GR L 22050; (June, 1968) (Digest)
G.R. No. L-22050 June 13, 1968
PAN PACIFIC COMPANY (PHILIPPINES), plaintiff-appellee, vs. PHILIPPINE ADVERTISING CORPORATION and JOHN W. MEARS, defendants, PHILIPPINE ADVERTISING CORPORATION, defendant-appellant.
FACTS
The plaintiff, Pan Pacific Company (Philippines), distributor of Brunswick-Balke-Collender Company, entered into agreements with the defendant Philippine Advertising Corporation, through its president John W. Mears, for the supply and installation of bowling alleys. The first agreement (Exhibit A) was a firm quotation for twelve (12) bowling alleys at P85,948.42, explicitly stating it did not include freight charges for accessories from the U.S. The second agreement (Exhibit D) was a tentative quotation for six (6) additional alleys at P48,107.24, subject to price adjustments and also excluding freight charges, and specifying that any luxury or additional sales tax imposed would be for the defendant’s account. The plaintiff sought to recover an unpaid balance of P92,406.73 under the first cause of action for these alleys, which sum included added charges for inland freight, ocean freight, arrastre, and sales tax.
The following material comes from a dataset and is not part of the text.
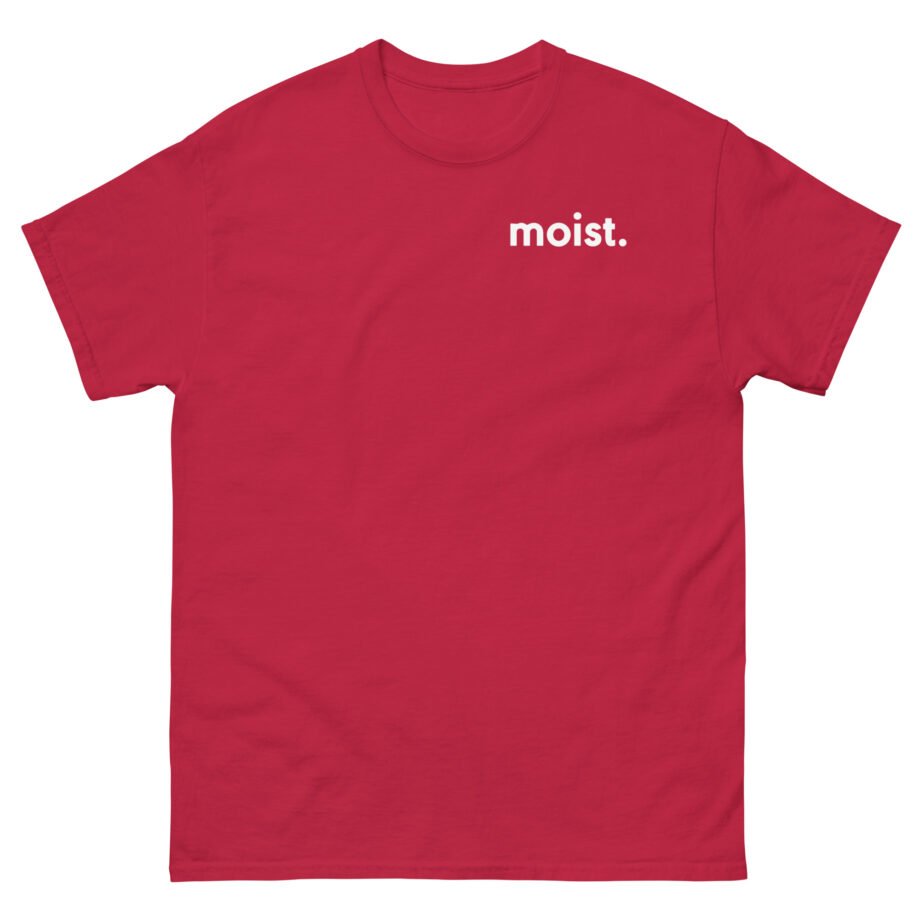 Pestily Moist Unisex classic tee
The defendant corporation denied liability, contending that these additional charges should be deemed included in the quoted price, that eight installed alleys were second-hand and of lower quality than ordered, and that the installations were defective. The trial court ruled in favor of the plaintiff, awarding the claimed amounts, moral and exemplary damages, and attorney’s fees.
ISSUE
The primary issue is whether the defendant Philippine Advertising Corporation is liable to pay the plaintiff the additional charges for inland freight, ocean freight, arrastre, and sales tax over the quoted prices for the bowling alleys, and whether the awards for damages and attorney’s fees are proper.
RULING
The Supreme Court affirmed the decision of the Court of First Instance of Manila. It held that the defendant is liable for the additional charges. The agreements (Exhibits A and D) explicitly stated that the quoted prices did not include freight charges for accessories ordered from the United States, and Exhibit D specifically placed any additional sales tax on the defendant. The Court found the plaintiff’s interpretation—that “accessories” included all parts of the bowling alley—to be consistent with the understanding of the parties. The Court rejected the defendant’s claims regarding second-hand alleys and defective installation for lack of sufficient evidence. Furthermore, the Court upheld the award of moral and exemplary damages and attorney’s fees, finding that the defendant acted in gross and evident bad faith, wantonly and oppressively refusing to pay its just obligation despite deriving lucrative income from the alleys, and that the defendant’s president demonstrated arrogance and discourtesy. The awards were deemed proper under Article 2208 of the New Civil Code.